Pucks - wet or dry, talk to me!

Is it better to have a really dry puck at the end of a shot, or a sloppy wet puck (ooo err)?! I bought some coffee from pact recently and notice the puck after I pulled a shot was super dry and solid. Normally my pucks are dryish but not like this. The grind was for my AeroPress so not as fine as it should be for the Gaggia, but i was amazed how dry it was. Can someone give me a rub down on the pros and cons and how dry ones puck should be? Ta.


----------



## jeebsy (May 5, 2013)

How did it taste?


----------



## DavecUK (Aug 6, 2013)

Lewis. said:


> Pucks - wet or dry, talk to me!
> 
> Is it better to have a really dry puck at the end of a shot, or a sloppy wet puck (ooo err)?! I bought some coffee from pact recently and notice the puck after I pulled a shot was super dry and solid. Normally my pucks are dryish but not like this. The grind was for my AeroPress so not as fine as it should be for the Gaggia, but i was amazed how dry it was. Can someone give me a rub down on the pros and cons and how dry ones puck should be? Ta.
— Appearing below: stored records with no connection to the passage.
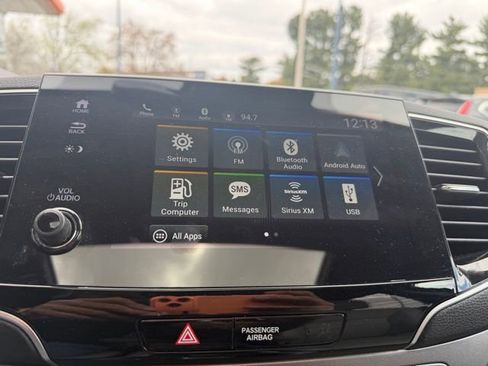 Used 2021 Honda Pilot Special Edition image 24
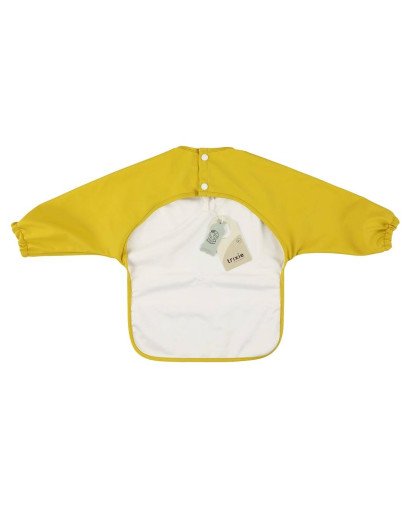 BABERO CON MANGAS TRIXIE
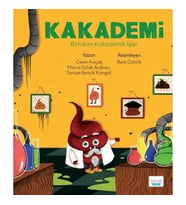 Kakademi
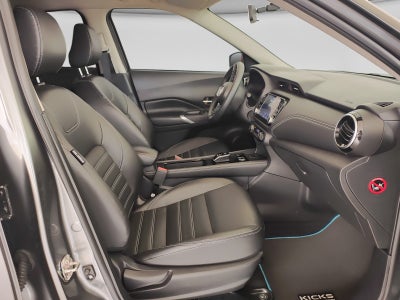 2024 Nissan KICKS EXCLUSIVE E-POWER 24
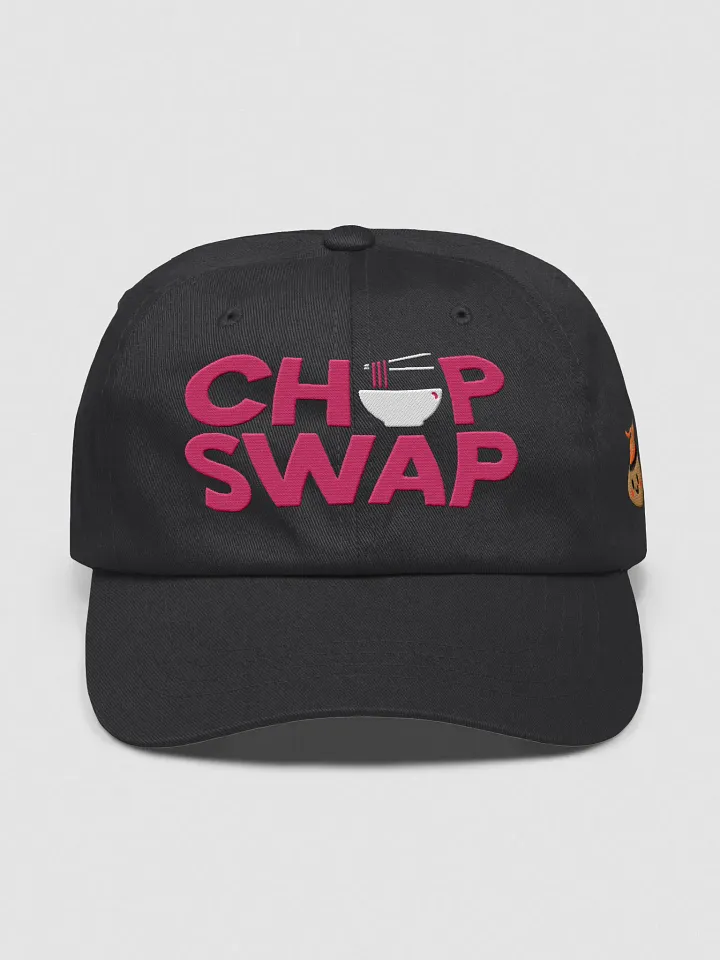 Chopswap Cap product image (1)
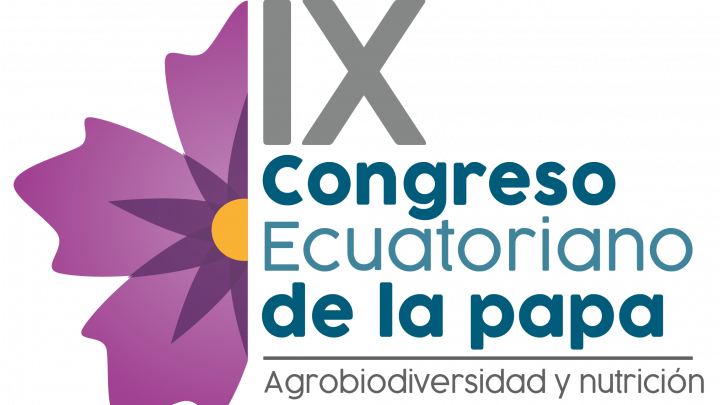 El IX Congreso Ecuatoriano de la Papa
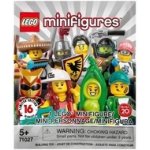 LEGO® Minifigurky 71027 20. série – Hledejceny.cz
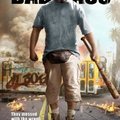 Tökös csávó (Bad Ass, 2012)-Öregember, keményember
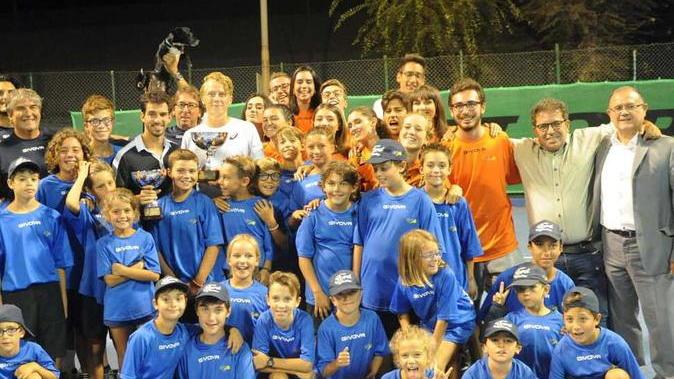 Emil Ruusuvuori vince il “Città di Piombino”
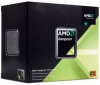 AMD Sempron 140 - 2,7 GHz, cache L2 1 MB, socket AM3 (verzia box)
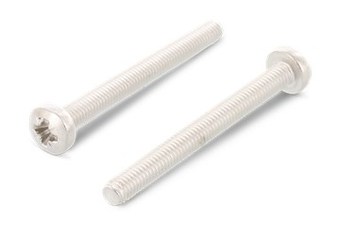 A4 Skrúfa M2x12 D7985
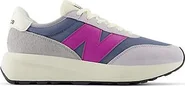 New Balance 370 Pearl grey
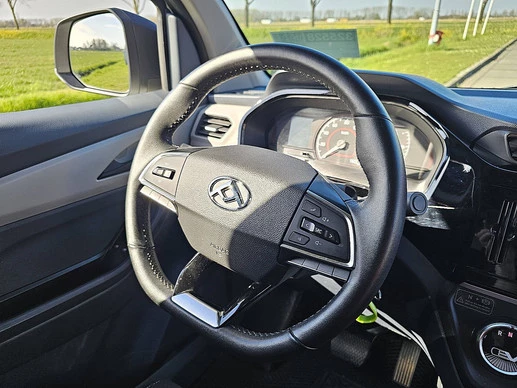 Maxus eDeliver3 - Afbeelding 10 van 16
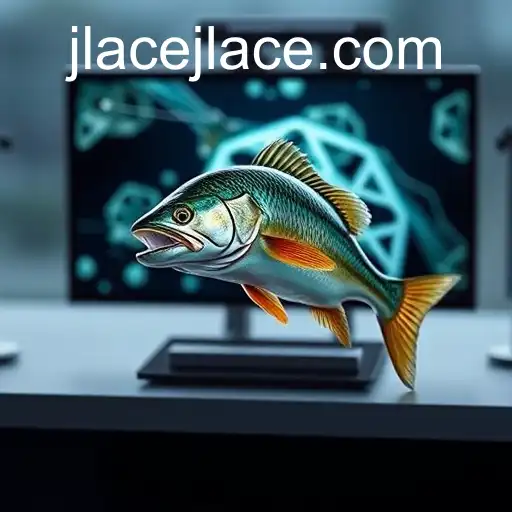 Exploring the Digital Depths of Online Fishing with JLAce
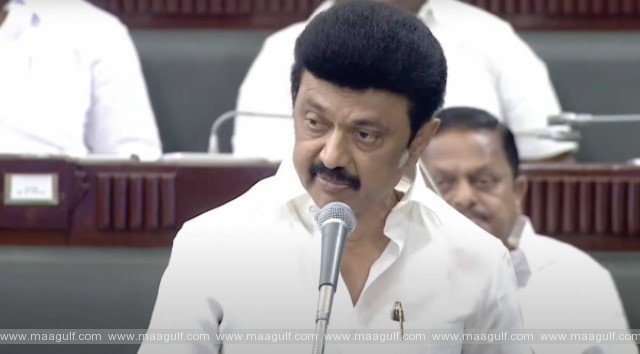 త‌మిళ‌నాడు అసెంబ్లీలో కీల‌క తీర్మానం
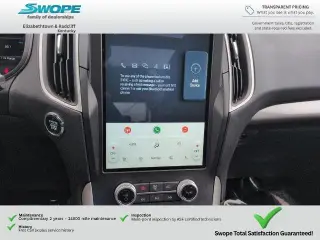 Ford Edge 2024 AWD SEL SUV 4 puertas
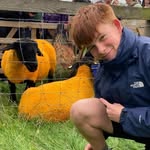 Joe Drury - @jodru36 - Instagram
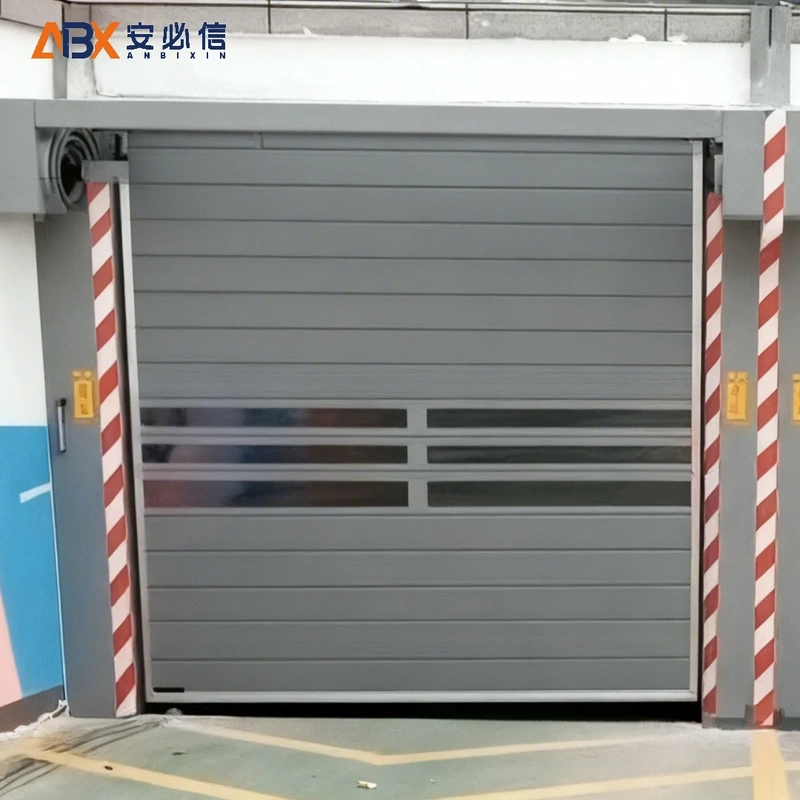 资阳市PVC高速门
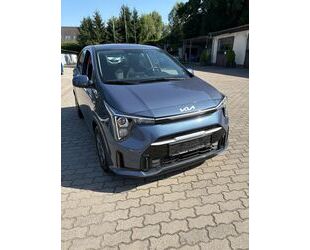 Kia Picanto Gebrauchtwagen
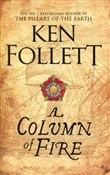 A Column o... - Ken Follet -  books from Poland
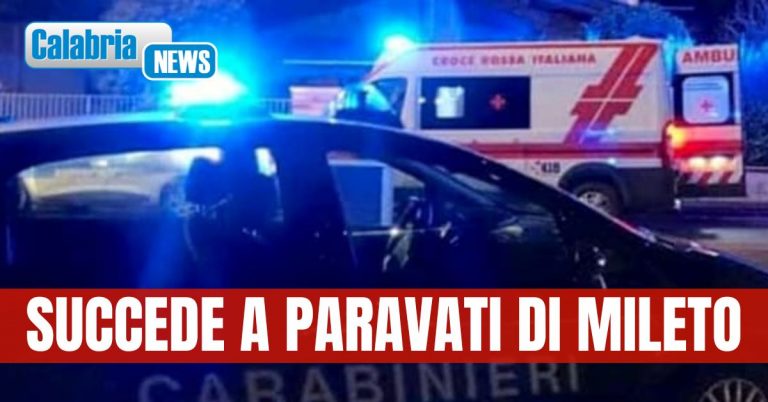 Accoltella rivale in amore: misura cautelare per un minore nel Vibonese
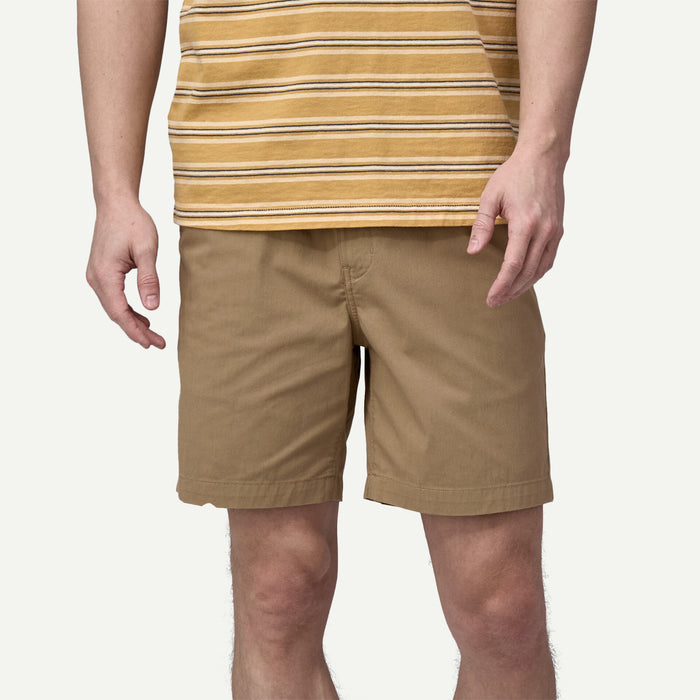 Patagonia Men's Nomader Volley Shorts - Slab Khaki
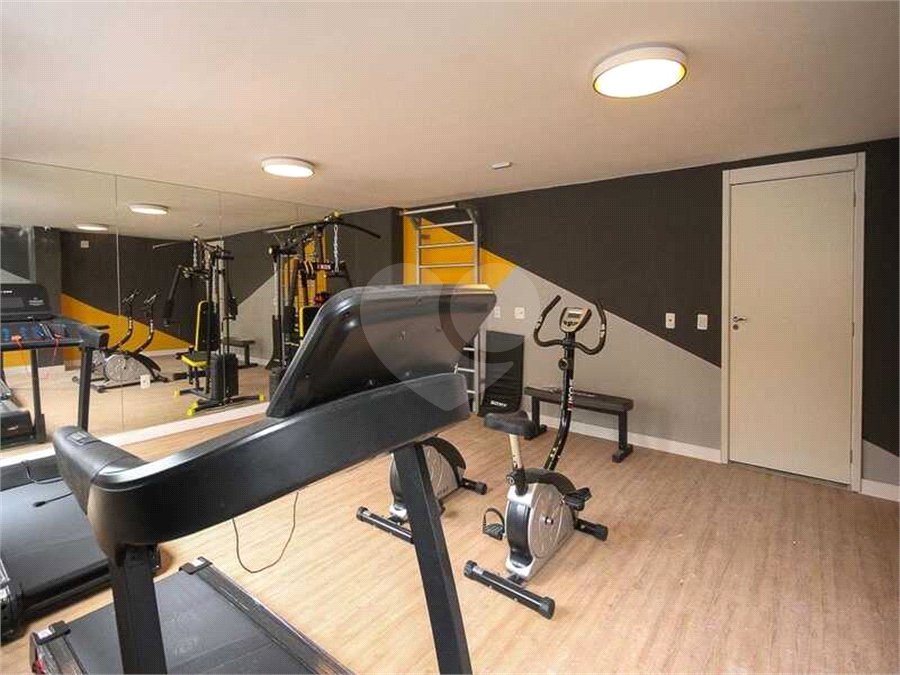Duplex à venda com 1 quarto em Vila Santa Clara, São Paulo, SP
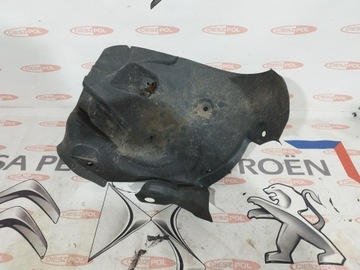 фото thumb №1, Підкрилок праві передні renault megane iii оригінал 638452868r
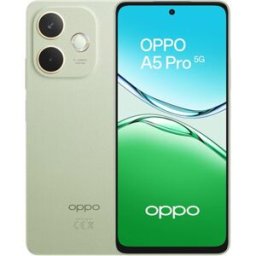 Oppo A5 Pro 5G dual sim 8GB RAM 256GB verde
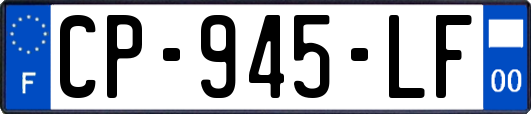 CP-945-LF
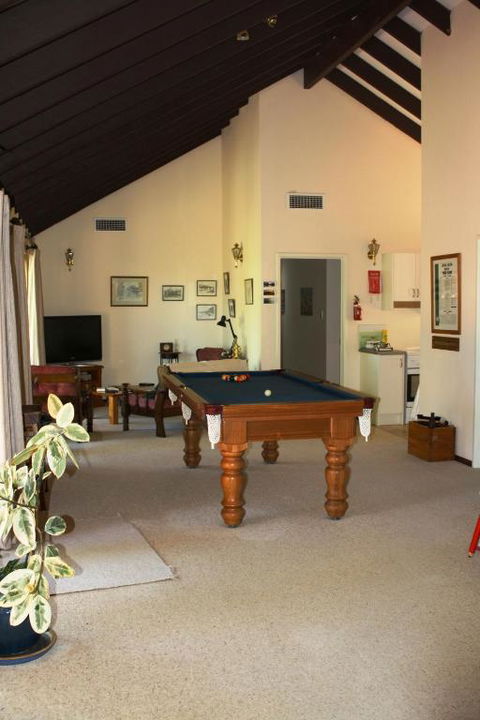 Eleebana Guest House - Tourism TAS 4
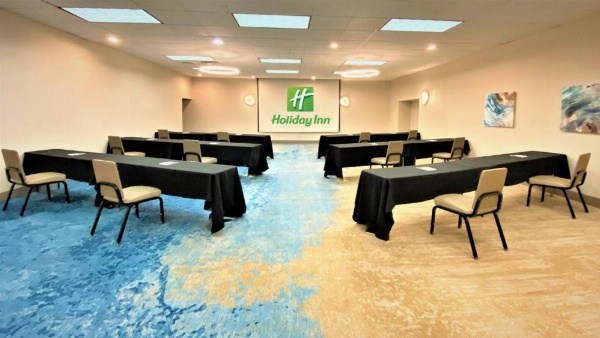 Holiday Inn Los Angeles - LAX Airport image 23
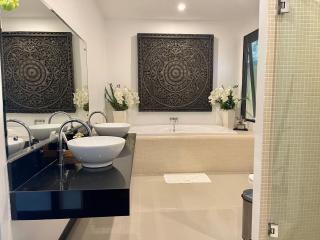 Villa Suksan - Kubu - Strand Nai Harn - 8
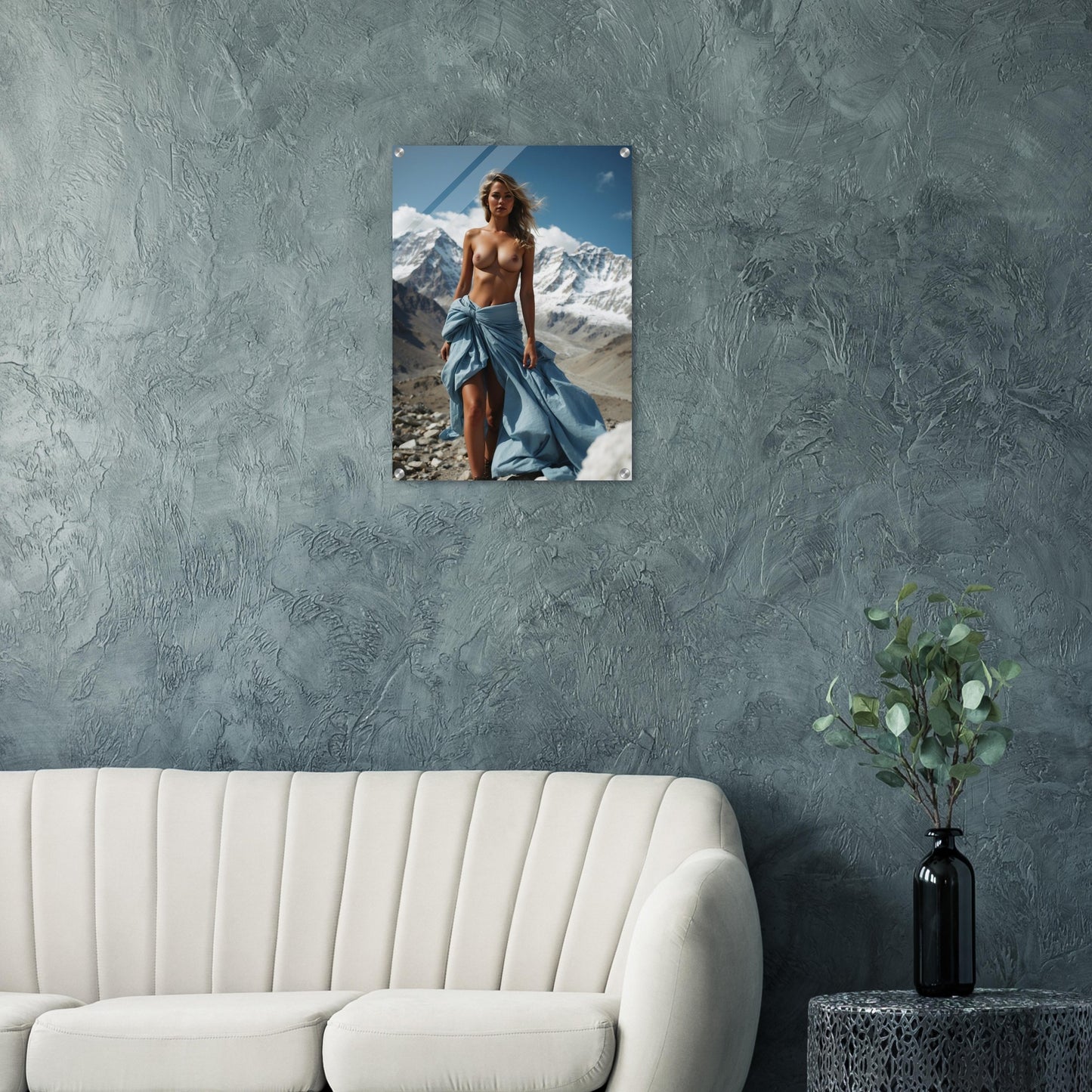 Acrylic Print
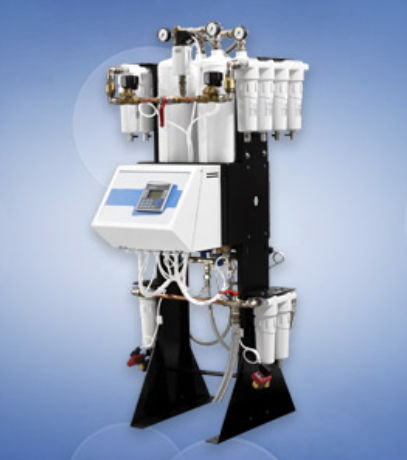 Spiralkompressor - NOVAIR - OXYPLUS TECHNOLOGIES - Luft / mit Verbrennungsmotor / mobil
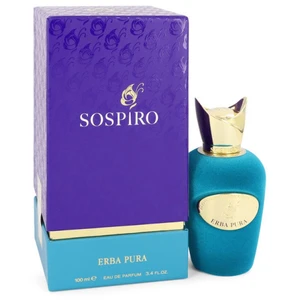 Xerjoff Erba Pura Eau de Parfum Mixte 100ml pas cher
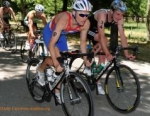 2010 Dextro Energy Triathlon - ITU World Championship Series Madrid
it's difficult to say when there is limited context, dry might be fine, wet might be fine, or something in between, it depends?

*
I'll give you some examples of things that affect the pucks wetness or dryness: *


Single or Double basket

Overfilled or not

Pre ground or do you grind yourself

What Coffee was it

How fast was the shot

volume or weight of shot

Weight of coffee used

Freshness of the coffee

extraction pressure

extraction temperature


----------



## DavidBondy (Aug 17, 2010)

For what it is worth, I have found that darker roasts have wetter pucks than lighter roasts if all other parameters stay the same. As a dark roaster, I am used to it and as Jeebsy says, if it tastes great does it really matter? I do not think that there is an answer to your question!

David


----------



## aFiercePancake (Dec 8, 2013)

Some of my machines leave wet pucks, others do not. I get equally good shots from both. As Dave points out, there are several factors that can leave users with wet pucks; my experience is that some machines and setups are more prone to dry or wet pucks, but neither necessarily correlate to good or bad shots. If it tastes good, don't worry about it.


----------